Re: How to use a locally built worker image?

2019-11-06 Thread Thomas Weise
As developer in Beam, I expect something that I built locally to be used.
That's the case with Java and Python dependencies also.

These are -SNAPSHOT or .dev and distinct from releases. So perhaps this is
just a matter of correct version number management?

Users that consume our releases (version) should see the published Docker
images.

It would be great if that just works out of the box, w/o extra pipeline
options magic.

Thomas

On Wed, Nov 6, 2019 at 11:33 AM Valentyn Tymofieiev 
wrote:

> Anyway, I agree with Thomas that implicitly running `docker pull` is
>> confusing and requires some adjustments to work around. The user can always
>> run `docker pull` themselves if that's the intention.
>
>
> I understand that implicit pull may come across as surprising. However I
> see the  required adjustments as a better practice. I would argue that
> customized containers images should not reuse the same  name:tag
> combination, and it would also help the users avoid a situation where a
> runner may use a different container image in different execution
> environments.
> It may also help avoid issue where a user reports an issue with Beam, that
> others cannot reproduce only because a user was running a customized
> container on their local machine (and forgot about it).
> Also, if a users' pipeline is relies on a  container image released by
> Beam ( or maybe a third party), external updates to such container image
> may not propagate to the pipeline workflow without an explicit pull. Always
> pulling the image may help to ensure a more deterministic behavior.
>
> On Wed, Nov 6, 2019 at 10:38 AM Kyle Weaver  wrote:
>
>> Bumping this thread from the other one [1].
>>
>> > 1. Read sdk version from gradle.properties and use this as the default
>> tag. Done with Python, need to implement it with Java and Go.
>>
>> 100% agree with this one. Using the same tag for local and release images
>> has already caused a good deal of confusion. Filed BEAM-8570 and BEAM-8571
>> [2][3].
>>
>> > 2. Remove pulling images before executing docker run command. This
>> should be fixed for Python, Java and Go.
>>
>> Valentyn (from [1]):
>> > I think pulling the latest image for the current tag is actually a
>> desired behavior, in case the external image was updated (due to a bug fix
>> for example).
>>
>> There's a PR for this [4]. Once we fix the default tag for Java/Go
>> containers, the dev and release containers will be distinct, which makes it
>> seldom important whether or not the image is `docker pull`ed. Anyway, I
>> agree with Thomas that implicitly running `docker pull` is confusing and
>> requires some adjustments to work around.
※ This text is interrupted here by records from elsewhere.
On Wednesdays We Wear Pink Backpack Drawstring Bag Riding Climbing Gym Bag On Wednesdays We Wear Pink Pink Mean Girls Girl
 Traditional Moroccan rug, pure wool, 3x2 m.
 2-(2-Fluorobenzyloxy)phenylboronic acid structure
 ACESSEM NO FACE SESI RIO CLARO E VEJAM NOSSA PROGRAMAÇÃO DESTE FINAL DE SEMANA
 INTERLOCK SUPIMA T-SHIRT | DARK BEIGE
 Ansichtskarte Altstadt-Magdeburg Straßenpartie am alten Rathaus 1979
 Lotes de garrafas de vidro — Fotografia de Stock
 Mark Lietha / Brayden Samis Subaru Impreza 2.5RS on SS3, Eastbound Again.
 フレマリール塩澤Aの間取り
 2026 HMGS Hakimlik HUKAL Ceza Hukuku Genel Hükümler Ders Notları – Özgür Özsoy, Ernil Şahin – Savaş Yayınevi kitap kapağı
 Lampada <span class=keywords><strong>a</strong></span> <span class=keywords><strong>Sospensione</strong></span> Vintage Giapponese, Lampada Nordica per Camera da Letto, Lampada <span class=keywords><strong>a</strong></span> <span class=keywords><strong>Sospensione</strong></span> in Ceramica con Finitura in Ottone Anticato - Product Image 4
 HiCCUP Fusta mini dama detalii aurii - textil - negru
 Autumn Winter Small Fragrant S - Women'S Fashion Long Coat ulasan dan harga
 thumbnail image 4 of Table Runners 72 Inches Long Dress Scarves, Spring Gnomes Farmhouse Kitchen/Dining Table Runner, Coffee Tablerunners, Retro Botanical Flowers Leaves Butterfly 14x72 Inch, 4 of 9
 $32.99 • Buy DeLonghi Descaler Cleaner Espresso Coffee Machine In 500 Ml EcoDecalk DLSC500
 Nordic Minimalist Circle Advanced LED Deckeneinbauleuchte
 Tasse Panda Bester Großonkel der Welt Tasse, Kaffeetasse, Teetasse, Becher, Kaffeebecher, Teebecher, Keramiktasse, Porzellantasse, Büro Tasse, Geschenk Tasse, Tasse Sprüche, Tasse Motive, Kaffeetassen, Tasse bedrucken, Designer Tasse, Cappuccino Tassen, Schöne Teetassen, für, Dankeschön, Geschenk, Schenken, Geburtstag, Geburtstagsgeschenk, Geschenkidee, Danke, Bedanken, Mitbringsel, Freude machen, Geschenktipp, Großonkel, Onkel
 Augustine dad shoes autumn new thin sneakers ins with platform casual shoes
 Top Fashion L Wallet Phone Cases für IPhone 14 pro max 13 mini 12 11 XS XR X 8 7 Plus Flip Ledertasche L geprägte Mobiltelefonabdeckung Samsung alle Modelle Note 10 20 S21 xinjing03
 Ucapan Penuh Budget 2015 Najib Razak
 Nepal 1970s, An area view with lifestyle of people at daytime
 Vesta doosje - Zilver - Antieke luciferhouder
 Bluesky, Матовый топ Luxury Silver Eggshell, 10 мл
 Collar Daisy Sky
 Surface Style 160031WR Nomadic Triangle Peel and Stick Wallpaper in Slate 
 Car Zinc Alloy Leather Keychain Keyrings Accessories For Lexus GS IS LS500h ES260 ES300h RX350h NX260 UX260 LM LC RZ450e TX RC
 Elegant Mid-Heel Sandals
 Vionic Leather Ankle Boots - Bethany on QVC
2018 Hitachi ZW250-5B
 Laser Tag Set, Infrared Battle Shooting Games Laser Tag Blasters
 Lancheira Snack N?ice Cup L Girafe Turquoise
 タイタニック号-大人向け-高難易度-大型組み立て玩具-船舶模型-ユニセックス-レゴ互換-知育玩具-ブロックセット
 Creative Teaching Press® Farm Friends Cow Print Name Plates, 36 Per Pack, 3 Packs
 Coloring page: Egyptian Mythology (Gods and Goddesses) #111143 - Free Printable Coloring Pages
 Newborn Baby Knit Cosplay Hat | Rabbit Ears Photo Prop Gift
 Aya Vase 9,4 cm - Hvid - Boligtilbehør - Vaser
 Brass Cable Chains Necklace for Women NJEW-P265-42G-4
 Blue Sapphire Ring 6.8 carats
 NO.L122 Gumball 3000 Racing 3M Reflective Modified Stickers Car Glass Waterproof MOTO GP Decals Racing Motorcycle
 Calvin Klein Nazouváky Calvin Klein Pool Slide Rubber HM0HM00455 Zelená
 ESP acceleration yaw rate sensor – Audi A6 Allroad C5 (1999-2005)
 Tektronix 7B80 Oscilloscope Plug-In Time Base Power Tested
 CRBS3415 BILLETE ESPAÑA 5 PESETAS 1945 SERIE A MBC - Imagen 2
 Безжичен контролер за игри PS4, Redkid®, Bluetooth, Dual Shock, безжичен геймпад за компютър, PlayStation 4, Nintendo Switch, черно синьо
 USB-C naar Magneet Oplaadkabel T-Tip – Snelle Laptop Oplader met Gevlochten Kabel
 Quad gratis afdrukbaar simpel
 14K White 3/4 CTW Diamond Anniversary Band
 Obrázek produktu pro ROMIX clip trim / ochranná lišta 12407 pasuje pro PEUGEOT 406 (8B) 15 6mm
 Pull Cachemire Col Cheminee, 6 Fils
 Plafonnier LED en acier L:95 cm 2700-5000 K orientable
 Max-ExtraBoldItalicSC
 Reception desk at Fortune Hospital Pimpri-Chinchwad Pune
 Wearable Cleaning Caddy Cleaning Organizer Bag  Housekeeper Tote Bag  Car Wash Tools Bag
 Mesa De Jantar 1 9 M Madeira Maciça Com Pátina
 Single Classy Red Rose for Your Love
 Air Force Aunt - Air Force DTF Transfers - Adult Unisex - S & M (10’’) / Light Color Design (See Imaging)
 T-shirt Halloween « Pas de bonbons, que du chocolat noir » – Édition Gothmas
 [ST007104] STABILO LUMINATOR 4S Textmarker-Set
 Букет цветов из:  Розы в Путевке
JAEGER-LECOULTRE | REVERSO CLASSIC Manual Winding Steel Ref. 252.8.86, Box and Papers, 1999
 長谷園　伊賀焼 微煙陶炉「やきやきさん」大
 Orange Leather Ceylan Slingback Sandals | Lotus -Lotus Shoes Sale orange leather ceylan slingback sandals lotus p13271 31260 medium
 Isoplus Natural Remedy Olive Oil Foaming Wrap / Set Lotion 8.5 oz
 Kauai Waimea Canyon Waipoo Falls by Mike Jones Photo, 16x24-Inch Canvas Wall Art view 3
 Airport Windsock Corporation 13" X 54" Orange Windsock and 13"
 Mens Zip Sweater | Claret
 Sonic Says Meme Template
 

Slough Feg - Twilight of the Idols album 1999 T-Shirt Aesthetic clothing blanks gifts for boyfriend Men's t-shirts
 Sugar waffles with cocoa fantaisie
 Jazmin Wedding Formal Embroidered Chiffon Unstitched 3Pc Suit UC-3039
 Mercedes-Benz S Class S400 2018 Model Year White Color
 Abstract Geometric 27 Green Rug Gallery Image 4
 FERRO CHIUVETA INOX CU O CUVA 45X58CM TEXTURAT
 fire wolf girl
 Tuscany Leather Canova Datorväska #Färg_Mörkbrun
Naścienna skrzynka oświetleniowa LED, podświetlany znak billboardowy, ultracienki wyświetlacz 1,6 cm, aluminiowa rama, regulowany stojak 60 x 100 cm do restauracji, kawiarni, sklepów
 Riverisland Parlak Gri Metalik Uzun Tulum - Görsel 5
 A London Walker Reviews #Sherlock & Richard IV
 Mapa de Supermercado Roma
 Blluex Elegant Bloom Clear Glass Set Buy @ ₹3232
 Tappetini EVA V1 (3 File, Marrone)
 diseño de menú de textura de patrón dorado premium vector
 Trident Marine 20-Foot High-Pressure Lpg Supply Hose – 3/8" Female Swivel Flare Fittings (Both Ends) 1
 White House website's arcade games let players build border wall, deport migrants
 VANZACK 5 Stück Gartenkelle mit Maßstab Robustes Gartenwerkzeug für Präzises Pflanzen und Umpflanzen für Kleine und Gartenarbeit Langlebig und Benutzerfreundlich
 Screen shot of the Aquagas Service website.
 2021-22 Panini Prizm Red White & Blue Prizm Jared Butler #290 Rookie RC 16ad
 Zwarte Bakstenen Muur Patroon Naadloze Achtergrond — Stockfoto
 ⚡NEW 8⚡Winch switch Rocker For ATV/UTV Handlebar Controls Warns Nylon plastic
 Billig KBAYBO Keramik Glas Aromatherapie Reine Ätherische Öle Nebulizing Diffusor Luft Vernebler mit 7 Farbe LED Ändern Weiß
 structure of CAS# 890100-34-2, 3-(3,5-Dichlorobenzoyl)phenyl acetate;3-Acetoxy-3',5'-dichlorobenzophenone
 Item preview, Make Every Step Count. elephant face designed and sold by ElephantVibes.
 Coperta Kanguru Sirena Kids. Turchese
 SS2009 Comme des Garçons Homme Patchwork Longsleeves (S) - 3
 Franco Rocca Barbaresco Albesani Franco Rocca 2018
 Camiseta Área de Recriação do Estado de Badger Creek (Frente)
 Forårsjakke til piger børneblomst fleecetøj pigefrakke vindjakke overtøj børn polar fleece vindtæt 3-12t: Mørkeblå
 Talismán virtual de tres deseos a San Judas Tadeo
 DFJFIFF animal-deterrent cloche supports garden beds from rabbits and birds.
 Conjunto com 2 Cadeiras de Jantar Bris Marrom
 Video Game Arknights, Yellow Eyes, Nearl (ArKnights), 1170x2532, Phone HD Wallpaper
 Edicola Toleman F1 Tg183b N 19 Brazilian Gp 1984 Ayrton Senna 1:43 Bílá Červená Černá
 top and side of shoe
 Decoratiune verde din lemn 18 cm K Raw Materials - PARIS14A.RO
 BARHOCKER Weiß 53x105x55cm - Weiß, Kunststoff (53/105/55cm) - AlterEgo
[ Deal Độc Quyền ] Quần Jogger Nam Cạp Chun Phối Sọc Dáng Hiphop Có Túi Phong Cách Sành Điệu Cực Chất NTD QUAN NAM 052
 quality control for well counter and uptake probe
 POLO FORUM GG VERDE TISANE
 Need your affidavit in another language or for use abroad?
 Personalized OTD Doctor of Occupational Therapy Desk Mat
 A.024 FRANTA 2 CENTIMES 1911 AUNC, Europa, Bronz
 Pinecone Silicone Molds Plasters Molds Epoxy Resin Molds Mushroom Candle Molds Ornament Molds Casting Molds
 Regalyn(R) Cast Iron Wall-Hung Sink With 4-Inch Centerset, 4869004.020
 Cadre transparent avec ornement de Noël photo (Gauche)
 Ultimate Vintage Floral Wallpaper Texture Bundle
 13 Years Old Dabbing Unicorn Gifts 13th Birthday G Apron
The user can always run `docker
>> pull` themselves if that's the intention.
>>
>> [1]
>> https://lists.apache.org/thread.html/0f2ccbbe7969b91dc21ba331c1a30d730e268cc0355c1ac1ba0b7988@%3Cdev.beam.apache.org%3E
>> [2] https://issues.apache.org/jira/browse/BEAM-8570
>> [3] https://issues.apache.org/jira/browse/BEAM-8571
>> [4] https://github.com/apache/beam/pull/9972
>>
>> On Wed, Oct 2, 2019 at 5:32 PM Ahmet Altay  wrote:
>>
>>> I do not believe this is a blocker for Beam 2.16. I agree that it would
>>> be good to fix this.
>>>
>>> On Wed, Oct 2, 2019 at 3:15 PM Hannah Jiang 
>>> wrote:
>>>
 Hi Thomas

 Thanks for bring this up.

 Now Python uses sdk version as a default tag, while Java and Go use
 latest as a default tag. I agree using latest as a tag is problematic. The
 reason only Python uses sdk version as a default tag is Python has
 version.py so the version is easy to read. For Java and Go, we need to read
 it from gradle.properties when creating images with the default tag and
 when setting the default image.

 Here is what we need to do:
 1. Read sdk version from gradle.properties and use this as the default
 tag. Done with Python, need to implement it with Java and Go.
 2. Remove pulling images before executing docker run command. This
 should be fixed for Python, Java and Go.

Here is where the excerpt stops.